Where, however, such steamship is INSURED and the insurance is
collected by the owner, the insurance substitutes the vessel and the owner
becomes responsible for the injuries caused the sailing vessel to the extent of the
insurance collected.
In an action brought by a steamship owner against the owner of a sailing vessel for
damages caused to the steamship by a collision, a passenger who suffered a loss of
baggage and freight by reason of such collision CANNOT INTERVENE in the
action for the adjudication of his rights, as he has no legal interest in the matter in
litigation, or in the success of either of the parties, or an interest against both.

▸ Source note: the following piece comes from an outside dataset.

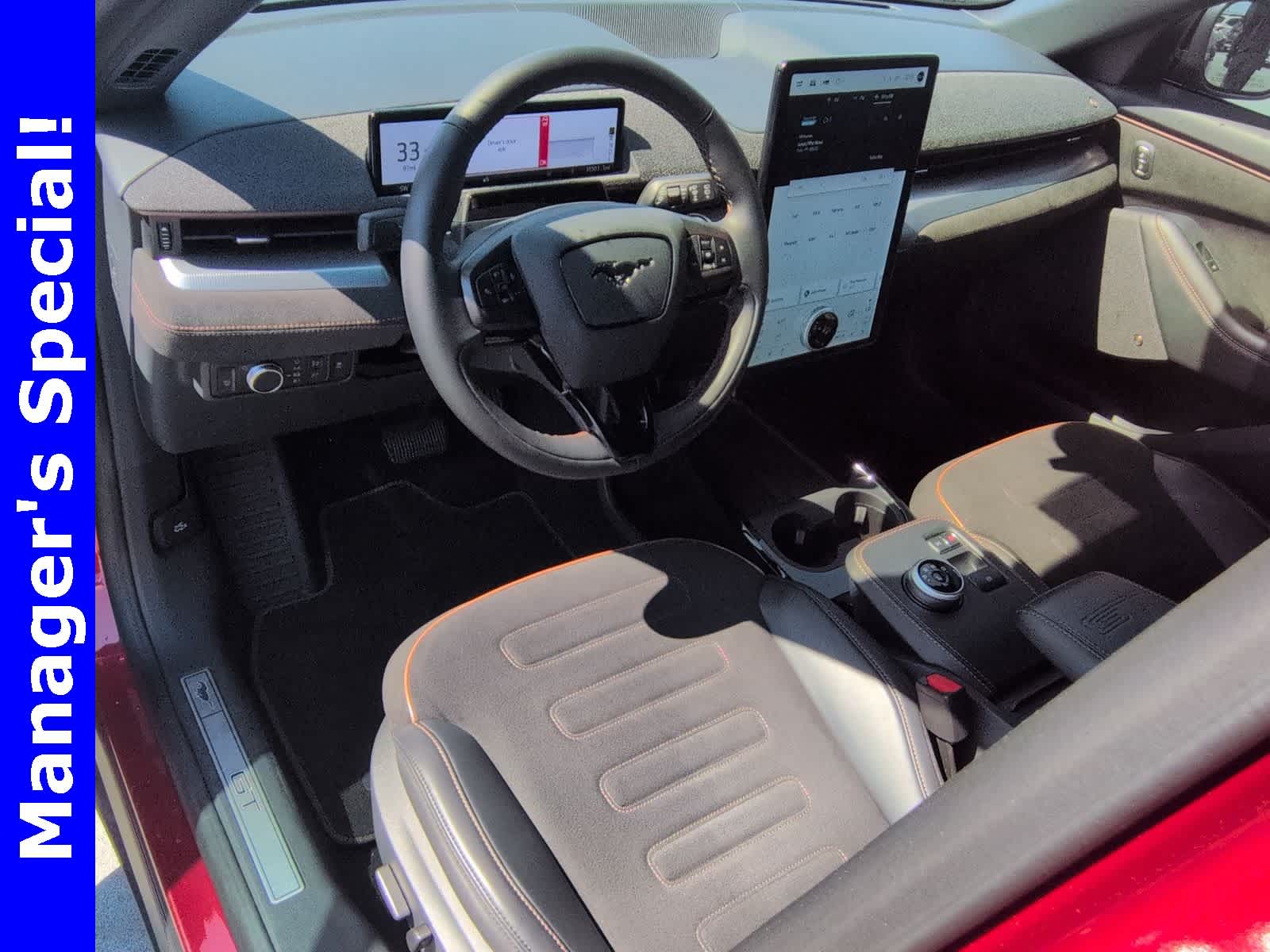 Thumbnail: 2022 Ford Mustang Mach-E - 10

SULPICIO LINES VS. CA (305 SCRA 478)


- Philippine Merchant Rules and Regulations
o Rule 19 When two power driven vessels are crossing, so as to involve a risk of collision,
the vessel which has the other on her starboard side shall keep out of the way of the
other.
o Rule 21 Where, by any of these rules, one of two vessels is to keep out of the way, the other
shall keep her course and speed.
o Rule 22 Every vessel which is directed by these Rules to keep out of the way of another
vessel shall, so far as possible, take positive early action to comply with this obligation, and
shall, if the circumstances of the case admit, avoid crossing ahead of the other.
o Rule 23 Every power driven vessel which is directed by these Rules to keep out of the
way of another vessel shall, on approaching her, if necessary, slacken her speed or stop or
reverse.
NEGROS NAVIGATION VS. CA (281 SCRA 534)
- International Rules of the Road

29

Rule 18 Requires 2 power-driven vessels meeting end on or nearly end on each to alter
her course to starboard so that each vessel may pass on the portside of the other.
BUT route observance of the Rules will not relieve a vessel from
responsibility if the collision could have been AVOIDED by proper care and skill
on her part or even by a departure of the rules.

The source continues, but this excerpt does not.